Kerr recently put the house on the market, and it found a buyer after 12 days. The removal of the plants “was critical in making it appealing to today’s home buyer,” she said.
The rear yard is in the lee of a neighbor’s massive old oak tree. Over the years, Charlie reduced the area of lawn, assiduously amended the clay soil with regular top dressings of municipal leaf mold and planted every square foot with shade-loving ferns and perennials, such things as epimediums, hostas, heucheras, gingers and the uncommon, yellow-flowering Corydalis lutea. For height and bulk, he planted large shrubs, including viburnums, camellias and oakleaf hydrangeas.
Although this was a collector’s garden, the plants were arranged artistically. Looking at the remaining perimeter beds, you get a sense that he was always tinkering back there, lifting, replanting, dividing and finding ways to add to the medley. Dronenburg said the rescuers lifted a slow-growing bulb named a crinum that was three feet across and must have been in the ground for 20 years. Its clusters of lilylike blooms must have been striking to behold.
The front garden was like being on another planet. Charlie had been taken by the desert flora of Arizona and was growing oddities that weren’t supposed to flourish or even survive in the summer-humid and winter-frigid climate of Washington.
But he lived on a street named Flower Avenue, in the Highland View neighborhood north of Takoma Park, and if the agaves, yuccas and opuntias had been puppies, they would have rolled over for him.
The several Yucca rostrata in particular were hard to miss. This is a fine-textured yucca from Texas that forms a large sphere of spiky leaves. After many years, the sphere is held aloft on a trunk. Charlie’s had grown to about eight feet, which is a phenomenal height in Maryland. Hirsh also pointed out Yucca gloriosa, a plant you see in the Carolinas and Florida but not much up here. The treasures included well-established prickly pears, now in lovely yellow bloom, an Agave Parryi, native to the Southwest and Mexico, and an agave relative named Dasylirion.
Charlie’s longtime neighbor Nancy Weber said that before he retired a few years ago, he would start the day with a cup of coffee and peruse his shade garden. After his retirement, virtually all his spare time was spent tending his plants. “He said he could get out there and work for hours, and it would seem to him he had only been outside for a short period of time,” said his sister, who lives in Hamilton, Ohio.
Neighbors remember Charlie as an intensely private guy, but wittingly or not, he connected himself to the greater world with his garden. People would drive by and leave empty plant pots for him to use.
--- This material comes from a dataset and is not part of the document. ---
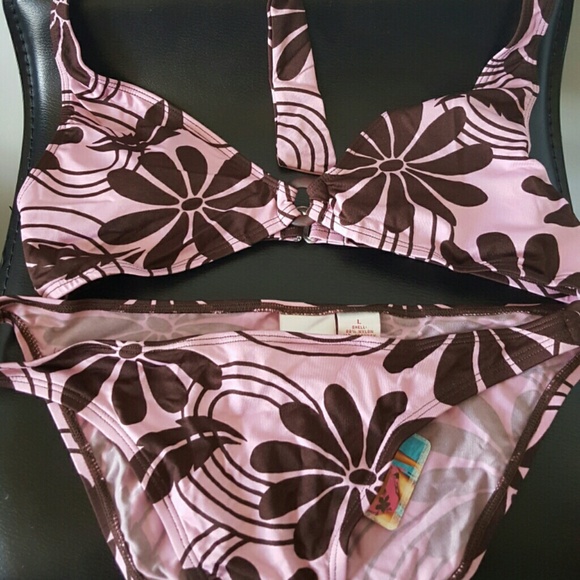 NWT hawaiian pink/purple & brown bikini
Along with his palmlike succulents, he was a familiar sight on Flower Avenue, talking to neighbors and strangers alike about his plants, but about nothing else.
“A lot of people felt they knew Charlie,” said neighbor Andrew Eisel, who was helping with the plant salvage on a recent hot Sunday morning. “As this process has been going on, people have said, ‘Oh no, what’s going on?’ Everyone had this attachment to Charlie and the house even though they didn’t know him personally.”
A few minutes earlier, Donna Kerr showed up to see how the digging was going. “She wasn’t willing to commit mass planticide,” said Dronenburg. “This way there will be dozens of people who never knew Charlie but will remember him kindly.”